Quemar etapas acaba por «quemar» el amor, que el cambio necesita respetar los
tiempos y la gradualidad en las expresiones; necesita dar espacio a Cristo, que
es capaz de hacer un amor humano fiel, feliz e indisoluble. La fidelidad y la
continuidad de vuestro querer os harán capaces también de estar abiertos a la
vida, de ser padres: la estabilidad de vuestra unión en el Sacramento del
Matrimonio permitirá a los hijos que Dios quiera daros crecer confiados en la
bondad de la vida. Fidelidad, indisolubilidad y transmisión de la vida son los
pilares de toda familia, verdadero bien común, patrimonio precioso para toda la
sociedad. Desde ahora, fundad sobre ellos vuestro camino hacia el matrimonio y
dad testimonio de él también a vuestros coetáneos: ¡es un servicio precioso! Sed
agradecidos a cuantos con compromiso, competencia y disponibilidad os acompañan
en la formación: son signo de la atención y del cuidado que la comunidad
cristiana os reserva. No estáis solos: buscad y acoged en primer lugar la
compañía de la Iglesia.
Quisiera volver aún sobre un punto esencial: la experiencia del amor tiene
dentro de sí la tensión hacia Dios. ¡El verdadero amor promete lo infinito!

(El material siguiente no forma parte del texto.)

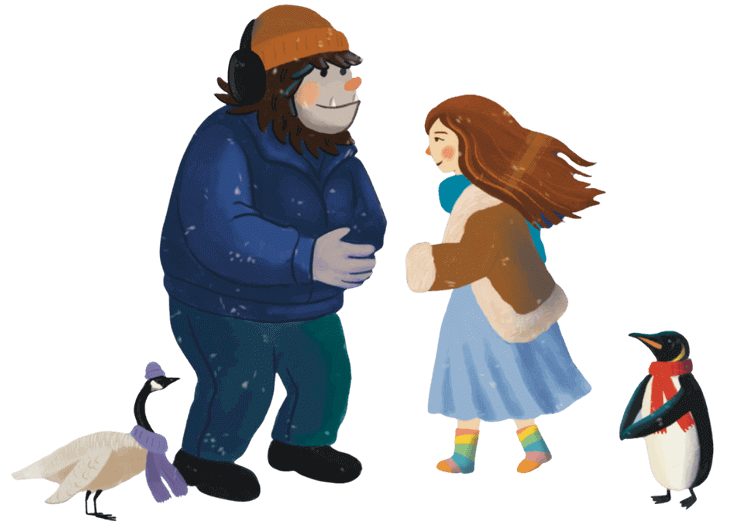 The Princess and Yeti dance in the Dandelion Kingdom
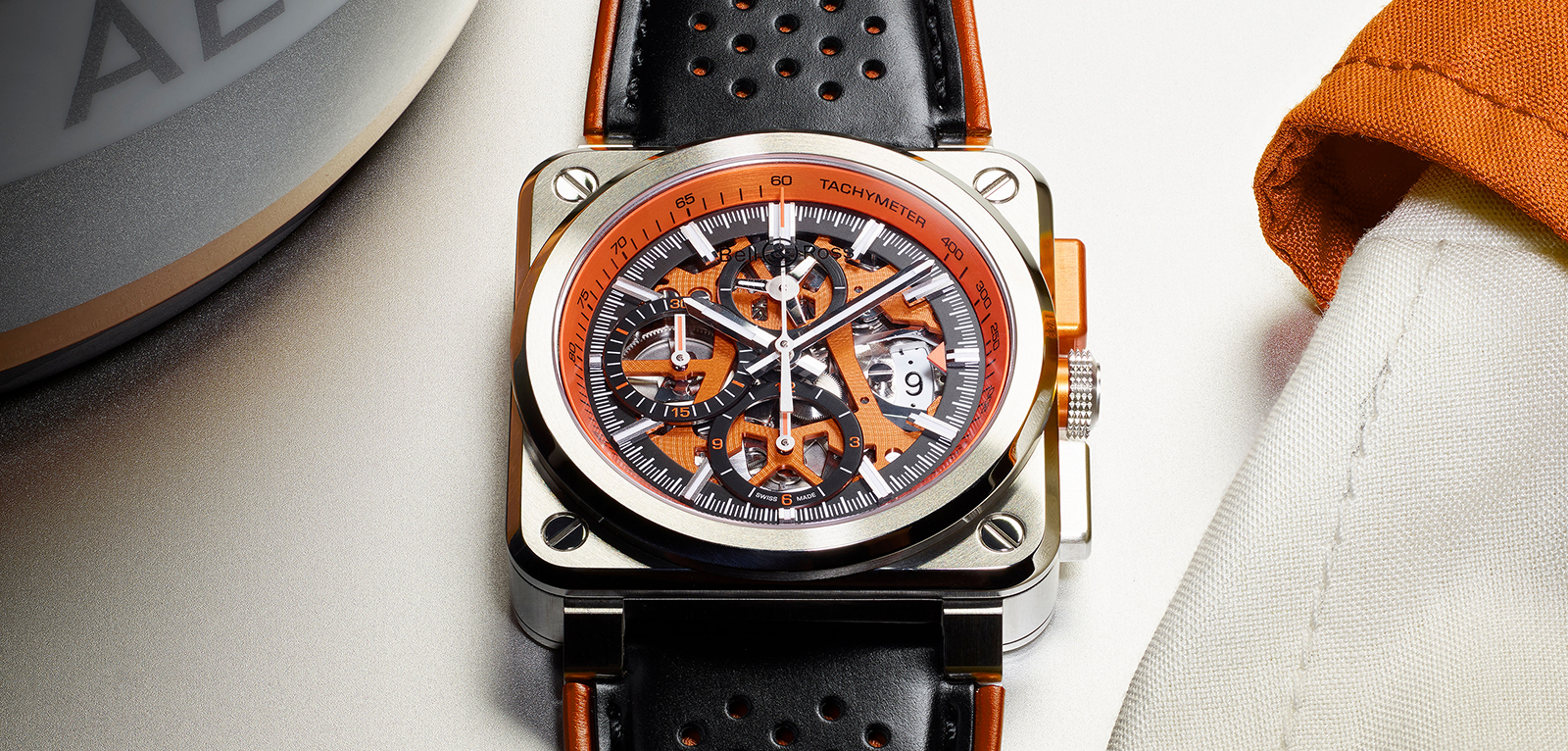 Bell & Ross BR 03-94 AeroGT Orange -01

Haced, por tanto, de este tiempo vuestro de preparación al matrimonio un
itinerario de fe: redescubrid para vuestra vida de pareja la centralidad de
Jesucristo y del caminar en la Iglesia. María nos enseña que el bien de cada uno
depende del escuchar con docilidad la palabra del Hijo. En quien se fía de Él,
el agua de la vida cotidiana se transforma en el vino de un amor que hace buena,
bella y fecunda la vida. Caná, de hecho, es anuncio y anticipación del don del
vino nuevo de la Eucaristía, sacrificio y banquete en el que el Señor nos
alcanza, nos renueva y nos transforma. No descuidéis la importancia vital de
este encuentro; que la asamblea litúrgica dominical os encuentre plenamente
partícipes: de la Eucaristía brota el sentido cristiano de la existencia y una
forma nueva de vivir (cfr Exhort. ap. Sacramentum caritatis, 72-73). No
tendréis, entonces, miedo de asumir la comprometida responsabilidad de la
elección conyugal; no temeréis entrar en este «gran misterio», en el que dos
personas se hacen una sola carne (cfr Ef 5,31-32).
Queridísimos jóvenes, os confío a la protección de san José y de María
Santísima; siguiendo la invitación de la Virgen Madre – «Haced lo que él os
diga» – no os faltará el gusto de la verdadera fiesta y sabréis llevar el «vino»
mejor, el que Cristo da para la Iglesia y para el mundo. Quisiera deciros que yo
también estoy cerca de vosotros y de quienes, como vosotros, viven este
maravilloso camino del amor. ¡Os bendigo de todo corazón!